* [Work instruction]: The pictures stay out. Please retype every line below exactly.

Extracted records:
---------------

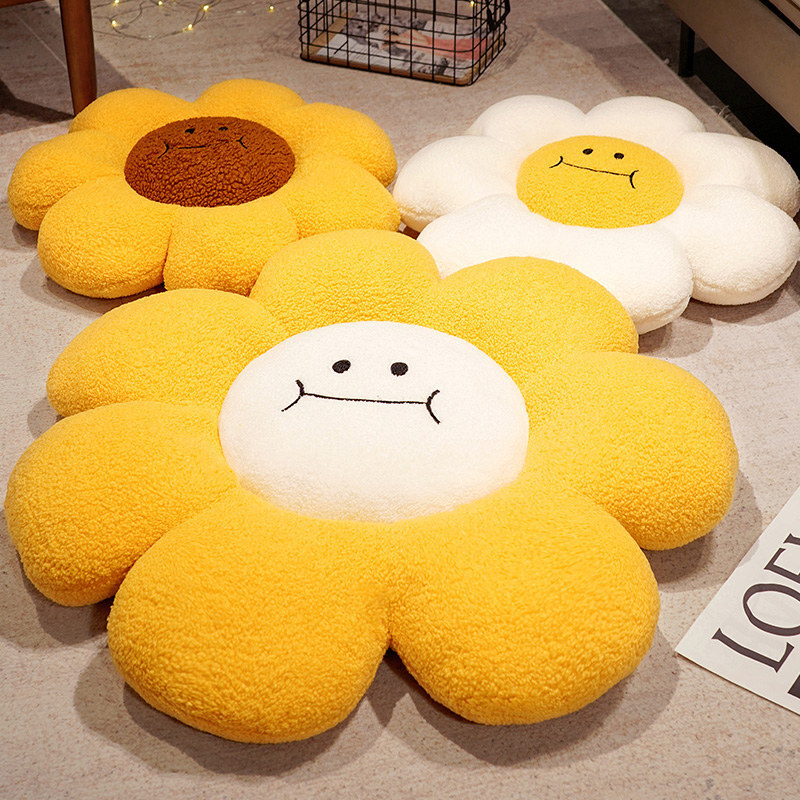Sunflower plush floor cushions in three color variations arranged on living room floor, soft fluffy texture with smiling face design for cozy seating and decor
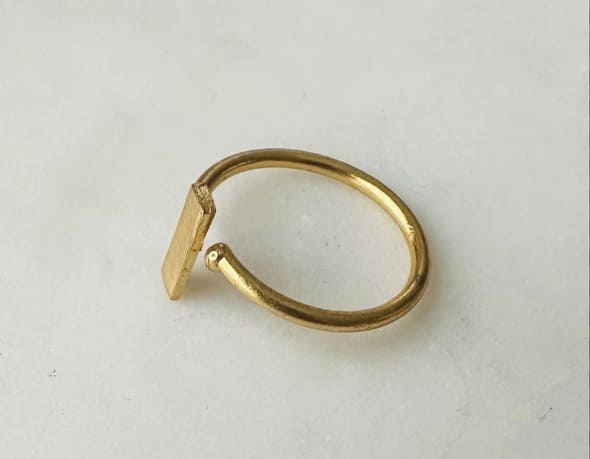 Handmade sustainable minimal Gold-plated waterproof ring with rectangle on a light gray background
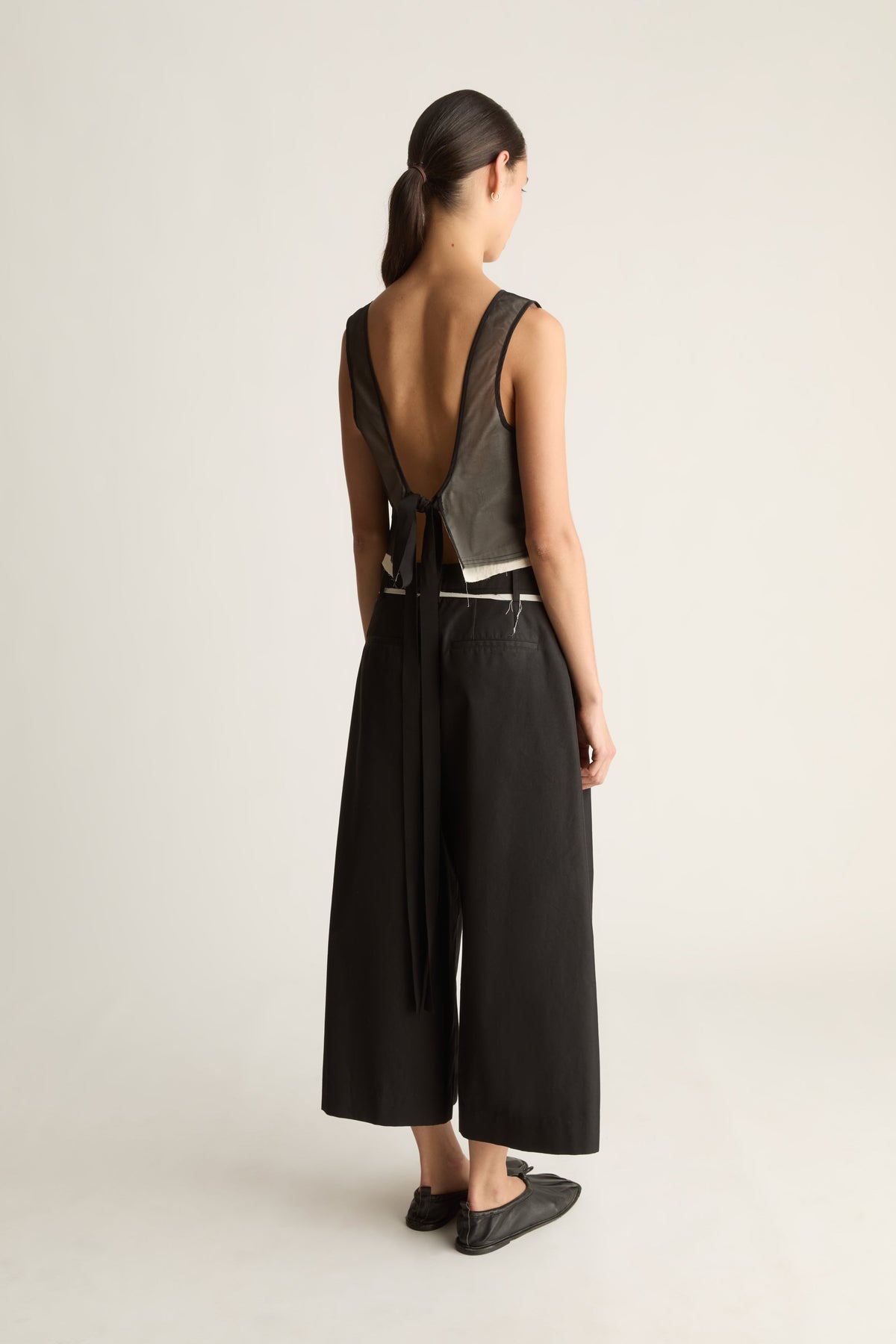 Back view of black wide-leg cropped pants with a cream-edged waistband, worn with an open-back top.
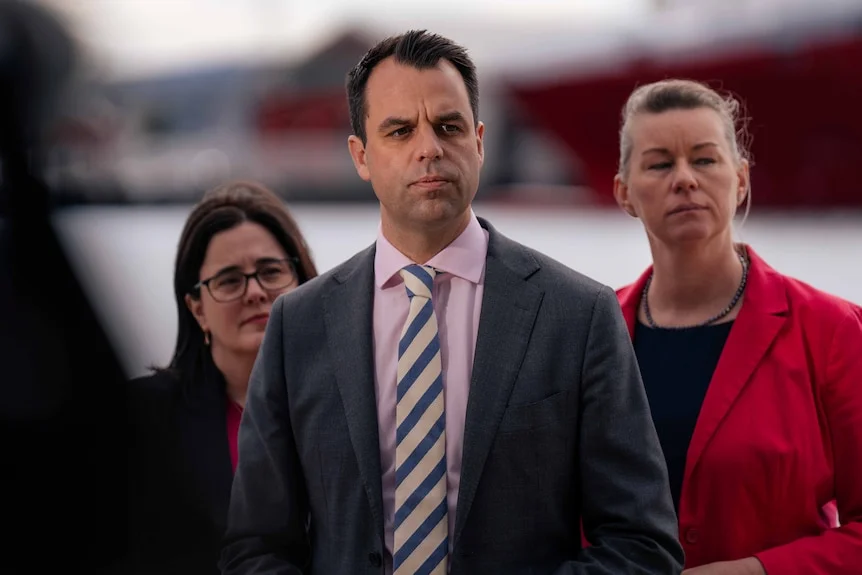 A man speaks at a press conference with two women behind him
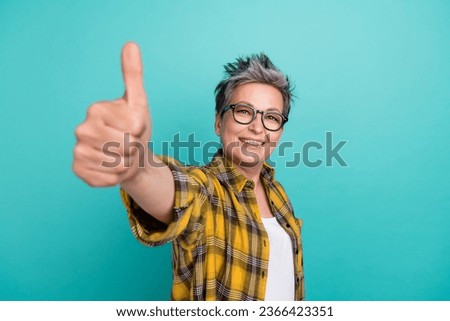 Photo of charming elderly woman showing thumb up symbol pit like social network insta post isolated teal color background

---------------

* [Answer box]:
Sunflower plush floor cushions in three color variations arranged on living room floor, soft fluffy texture with smiling face design for cozy seating and decor
 Handmade sustainable minimal Gold-plated waterproof ring with rectangle on a light gray background
 Back view of black wide-leg cropped pants with a cream-edged waistband, worn with an open-back top.
 A man speaks at a press conference with two women behind him
 Photo of charming elderly woman showing thumb up symbol pit like social network insta post isolated teal color background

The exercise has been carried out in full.